My kids might not know how to read anymore, or at least read fully-formed, punctuated words in a book. Practicing math facts, novel-reading, current events...not a clue. Sorry future teachers.

I might've forgotten how to cook. No one is ever home for dinner, with work schedules and ALLTHEFRIENDS. So I haven't regularly cooked for five for a LONG time! And can someone tell me wheat kids are eating for lunch these days? I have carefully, lovingly filled the fridge with all sorts of great lunch and snack foods, but I'm pretty sure they would rather use the precious five minutes it takes to assemble lunch, to sleep or scroll or streak, so they're going to head off to school without enough fuel to nourish their brains to do the learning. (And I refuse to make their lunches...they have to learn...it's a choice not a punishment.) CRAP...see the trouble I'm in?

Also, they don't sleep in the nighttime. They go to Corky's, they have friends over to play video games and watch movies, they do those things at their friend's houses, but sleep is not a high priority. Which also means I don't sleep. Because they are like elephants with big stomping feet that can't enter a house quietly. And you better believe they become Master Chefs at 2 a.m. and cook all the things with all the pans and every possible appliance. I love waking up to a kitchen full of splatter and crumbs and shit. It's my favorite.

And how is it they don't know how to silently open/close a door? I mastered this skill as a teen who had to sneak out of the house in order to go to a 24-hour diner for onion rings at 2 a.m. because there was no way my parents would let me go to a diner at 2 a.m. for onion rings. But our kids just wake us up, say they're heading to Corky's with their friends and we say OK because SUMMER and onion rings are awesome. Oh to be young. In the meantime, we've robbed our children of learning a priceless skill of covertly/quietly opening and closing doors. So I guess it's my fault that I haven't slept through the night in 10 weeks.

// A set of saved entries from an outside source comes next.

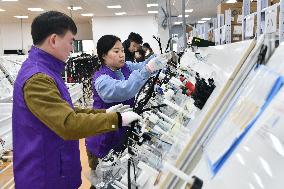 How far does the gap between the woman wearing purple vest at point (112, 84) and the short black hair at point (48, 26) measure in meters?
0.59

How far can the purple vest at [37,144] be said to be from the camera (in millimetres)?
1353

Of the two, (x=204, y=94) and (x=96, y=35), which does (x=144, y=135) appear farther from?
(x=96, y=35)

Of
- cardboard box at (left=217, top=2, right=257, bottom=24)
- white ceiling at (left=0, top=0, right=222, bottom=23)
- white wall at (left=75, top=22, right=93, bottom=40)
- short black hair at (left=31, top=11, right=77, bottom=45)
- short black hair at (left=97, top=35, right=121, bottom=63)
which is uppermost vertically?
white ceiling at (left=0, top=0, right=222, bottom=23)

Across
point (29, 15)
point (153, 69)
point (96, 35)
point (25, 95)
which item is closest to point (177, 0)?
point (96, 35)

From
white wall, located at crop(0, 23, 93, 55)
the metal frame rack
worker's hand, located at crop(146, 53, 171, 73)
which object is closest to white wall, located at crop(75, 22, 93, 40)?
white wall, located at crop(0, 23, 93, 55)

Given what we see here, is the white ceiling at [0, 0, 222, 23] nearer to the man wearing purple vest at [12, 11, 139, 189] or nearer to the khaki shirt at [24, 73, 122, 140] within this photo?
the man wearing purple vest at [12, 11, 139, 189]

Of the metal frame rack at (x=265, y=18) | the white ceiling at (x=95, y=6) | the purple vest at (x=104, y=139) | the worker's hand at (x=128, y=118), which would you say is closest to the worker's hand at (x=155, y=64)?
the purple vest at (x=104, y=139)

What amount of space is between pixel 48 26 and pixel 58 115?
375 millimetres

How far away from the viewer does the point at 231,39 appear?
14.3 feet

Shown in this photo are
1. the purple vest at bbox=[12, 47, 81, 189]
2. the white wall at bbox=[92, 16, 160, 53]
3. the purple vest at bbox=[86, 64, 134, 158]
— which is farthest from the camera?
the white wall at bbox=[92, 16, 160, 53]

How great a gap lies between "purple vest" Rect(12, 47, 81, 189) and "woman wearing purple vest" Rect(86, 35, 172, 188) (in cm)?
49

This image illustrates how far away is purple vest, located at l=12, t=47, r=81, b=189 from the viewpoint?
4.44 ft

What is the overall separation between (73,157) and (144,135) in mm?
345

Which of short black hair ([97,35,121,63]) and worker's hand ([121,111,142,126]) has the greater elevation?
short black hair ([97,35,121,63]) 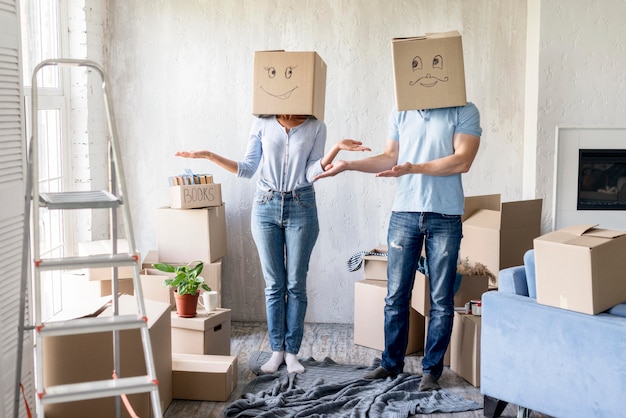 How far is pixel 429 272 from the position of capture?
3451 mm

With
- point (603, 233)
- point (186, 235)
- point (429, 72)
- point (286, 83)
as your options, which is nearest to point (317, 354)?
point (186, 235)

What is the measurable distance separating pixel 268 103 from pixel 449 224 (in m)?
0.97

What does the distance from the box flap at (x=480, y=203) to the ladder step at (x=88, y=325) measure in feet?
7.22

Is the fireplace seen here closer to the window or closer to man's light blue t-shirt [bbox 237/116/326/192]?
man's light blue t-shirt [bbox 237/116/326/192]

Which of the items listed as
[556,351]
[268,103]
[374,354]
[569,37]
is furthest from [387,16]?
[556,351]

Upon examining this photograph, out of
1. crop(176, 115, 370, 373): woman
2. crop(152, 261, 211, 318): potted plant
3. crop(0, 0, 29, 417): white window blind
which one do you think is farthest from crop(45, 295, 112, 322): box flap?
crop(176, 115, 370, 373): woman

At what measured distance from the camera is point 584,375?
269 centimetres

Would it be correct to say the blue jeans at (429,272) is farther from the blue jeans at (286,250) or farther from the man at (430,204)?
the blue jeans at (286,250)

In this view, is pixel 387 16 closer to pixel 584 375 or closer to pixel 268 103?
pixel 268 103

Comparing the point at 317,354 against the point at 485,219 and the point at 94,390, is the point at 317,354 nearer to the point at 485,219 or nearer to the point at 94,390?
the point at 485,219

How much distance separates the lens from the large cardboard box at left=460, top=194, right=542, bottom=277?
12.5ft

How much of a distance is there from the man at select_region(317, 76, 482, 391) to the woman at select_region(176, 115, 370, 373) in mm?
244

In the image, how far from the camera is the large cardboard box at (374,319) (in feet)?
13.2

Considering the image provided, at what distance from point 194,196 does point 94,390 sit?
212cm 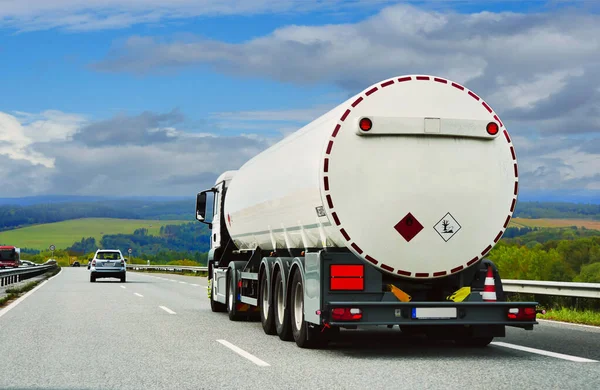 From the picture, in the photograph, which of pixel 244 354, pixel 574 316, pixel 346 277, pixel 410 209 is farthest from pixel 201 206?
pixel 410 209

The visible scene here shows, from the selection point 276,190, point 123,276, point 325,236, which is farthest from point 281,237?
point 123,276

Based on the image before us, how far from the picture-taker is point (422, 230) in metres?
10.1

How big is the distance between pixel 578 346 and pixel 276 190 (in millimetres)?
4779

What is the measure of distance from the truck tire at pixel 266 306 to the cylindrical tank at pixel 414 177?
2569 mm

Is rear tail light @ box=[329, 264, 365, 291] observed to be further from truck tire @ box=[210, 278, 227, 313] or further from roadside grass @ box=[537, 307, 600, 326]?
truck tire @ box=[210, 278, 227, 313]

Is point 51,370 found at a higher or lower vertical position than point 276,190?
lower

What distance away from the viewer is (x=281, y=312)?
12.3m

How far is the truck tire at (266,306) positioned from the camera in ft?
42.1

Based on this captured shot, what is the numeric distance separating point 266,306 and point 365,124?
14.2 ft

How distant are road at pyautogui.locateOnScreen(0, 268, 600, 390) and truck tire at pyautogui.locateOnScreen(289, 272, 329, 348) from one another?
19 centimetres

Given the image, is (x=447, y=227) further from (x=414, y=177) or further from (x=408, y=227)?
(x=414, y=177)

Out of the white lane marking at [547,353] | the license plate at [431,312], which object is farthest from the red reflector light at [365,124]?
the white lane marking at [547,353]

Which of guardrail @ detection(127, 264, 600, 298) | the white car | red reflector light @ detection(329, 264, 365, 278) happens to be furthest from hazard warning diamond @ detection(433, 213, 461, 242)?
the white car

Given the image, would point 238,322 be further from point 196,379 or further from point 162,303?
point 196,379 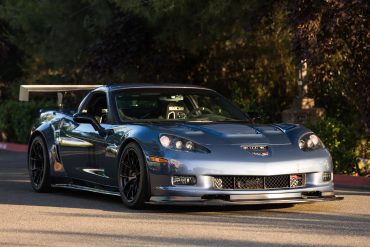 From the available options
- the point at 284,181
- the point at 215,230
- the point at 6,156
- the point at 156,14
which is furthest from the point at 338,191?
the point at 6,156

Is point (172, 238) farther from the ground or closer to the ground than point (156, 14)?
closer to the ground

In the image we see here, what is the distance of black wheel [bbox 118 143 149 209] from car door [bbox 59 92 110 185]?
0.49 m

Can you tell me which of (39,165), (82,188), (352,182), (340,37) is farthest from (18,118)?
(82,188)

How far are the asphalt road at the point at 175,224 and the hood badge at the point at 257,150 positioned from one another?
24.7 inches

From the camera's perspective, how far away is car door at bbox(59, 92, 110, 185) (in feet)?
39.1

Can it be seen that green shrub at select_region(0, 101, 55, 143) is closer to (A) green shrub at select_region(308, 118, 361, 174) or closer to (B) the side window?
(A) green shrub at select_region(308, 118, 361, 174)

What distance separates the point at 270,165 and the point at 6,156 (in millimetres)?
13130

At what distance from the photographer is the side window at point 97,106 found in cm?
1257

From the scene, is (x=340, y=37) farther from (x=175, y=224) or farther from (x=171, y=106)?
(x=175, y=224)

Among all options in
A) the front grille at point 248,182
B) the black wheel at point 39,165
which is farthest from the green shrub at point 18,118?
the front grille at point 248,182

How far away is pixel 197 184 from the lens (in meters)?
10.6

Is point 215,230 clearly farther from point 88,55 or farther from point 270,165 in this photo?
point 88,55

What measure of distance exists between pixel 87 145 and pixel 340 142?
5.70 meters

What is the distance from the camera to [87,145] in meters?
12.2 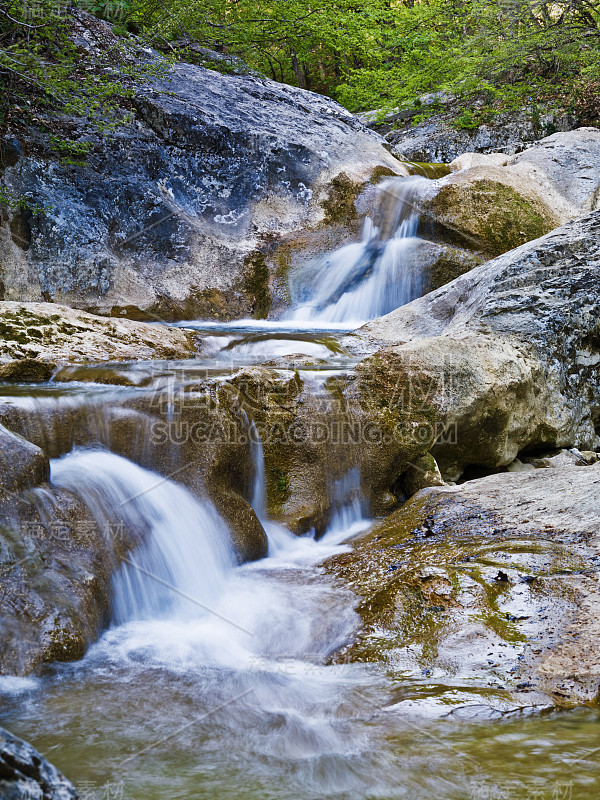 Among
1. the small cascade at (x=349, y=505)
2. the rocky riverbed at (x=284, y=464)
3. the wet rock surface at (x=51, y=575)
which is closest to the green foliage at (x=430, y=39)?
the rocky riverbed at (x=284, y=464)

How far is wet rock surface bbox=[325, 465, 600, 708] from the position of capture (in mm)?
2646

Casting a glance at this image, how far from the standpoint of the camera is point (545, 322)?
18.7ft

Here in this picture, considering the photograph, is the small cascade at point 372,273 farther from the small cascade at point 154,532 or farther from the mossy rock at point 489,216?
the small cascade at point 154,532

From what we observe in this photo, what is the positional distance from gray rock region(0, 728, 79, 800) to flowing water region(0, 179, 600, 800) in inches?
22.7

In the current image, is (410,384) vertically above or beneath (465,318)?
beneath

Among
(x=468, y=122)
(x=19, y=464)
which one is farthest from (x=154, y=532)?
(x=468, y=122)

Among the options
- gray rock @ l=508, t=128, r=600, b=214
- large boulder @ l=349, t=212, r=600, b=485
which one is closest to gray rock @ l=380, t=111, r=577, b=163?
gray rock @ l=508, t=128, r=600, b=214

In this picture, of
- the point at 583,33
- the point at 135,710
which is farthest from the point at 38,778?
the point at 583,33

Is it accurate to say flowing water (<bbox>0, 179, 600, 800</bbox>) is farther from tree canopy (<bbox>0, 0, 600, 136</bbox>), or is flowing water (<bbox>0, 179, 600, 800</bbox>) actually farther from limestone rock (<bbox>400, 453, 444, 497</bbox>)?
tree canopy (<bbox>0, 0, 600, 136</bbox>)

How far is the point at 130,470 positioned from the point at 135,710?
1745 millimetres

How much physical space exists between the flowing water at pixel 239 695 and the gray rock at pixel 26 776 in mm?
576

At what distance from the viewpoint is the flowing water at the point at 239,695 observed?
2090mm

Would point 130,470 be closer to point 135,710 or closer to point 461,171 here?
point 135,710

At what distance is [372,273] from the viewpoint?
869 cm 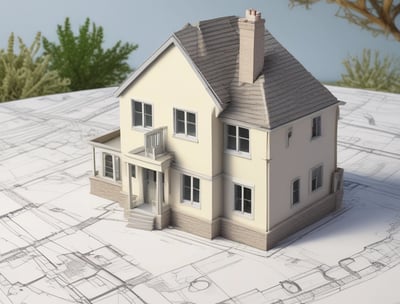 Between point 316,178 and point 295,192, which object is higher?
point 316,178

Thus, the desperate need for a nap.

This nocturnal behavior also means they've forgotten how to wake up early. Unless work or something fun FORCES them to set an alarm, they just haven't heard one this summer. Proof that next week is going to be really painful. I'm also not sure the last time my boys used shampoo. Rinsing off after a surf counts, right? And didn't I read on FB that chlorine kills more germs than Pantene? So maybe they're fine. At least they do their own laundry and they don't stink.

So here's the thing...I think we're all going to need some re-entry grace around here. Like Jen Hatmaker says, we just can't expect much from our kids the week or two that they're getting back in the routine of things. I'm here to declare that it goes both ways.

Kids, please know that this transition is hard for parents too. We don't want to nag. We don't want to have to remember all the things YOU need to do while your brain re-learns how to think and plan and execute multi-step tasks. I don't want to check School Loop daily because you ignore it. To me, School Loop is offensive because it implies that I am somehow responsible for your homework. I am not.

But I will look at School Loop. I will assist with lunches. I will help with lists. I will check up and check in. FOR TWO WEEKS ONLY. Really. I'm giving you a two-week grace period to figure it out. And believe me, if you put your phone down for two minutes, I know you can do it.

Friends, if any of this sounds familiar, I stand with you in solidarity. Let's give them two weeks to get their shit together. And then, we start smashing devices and taking away driving privileges. Okay?

By the way, I might need a vacation. Is it summer yet. Is it just me?

Peace and strength be with them, and us.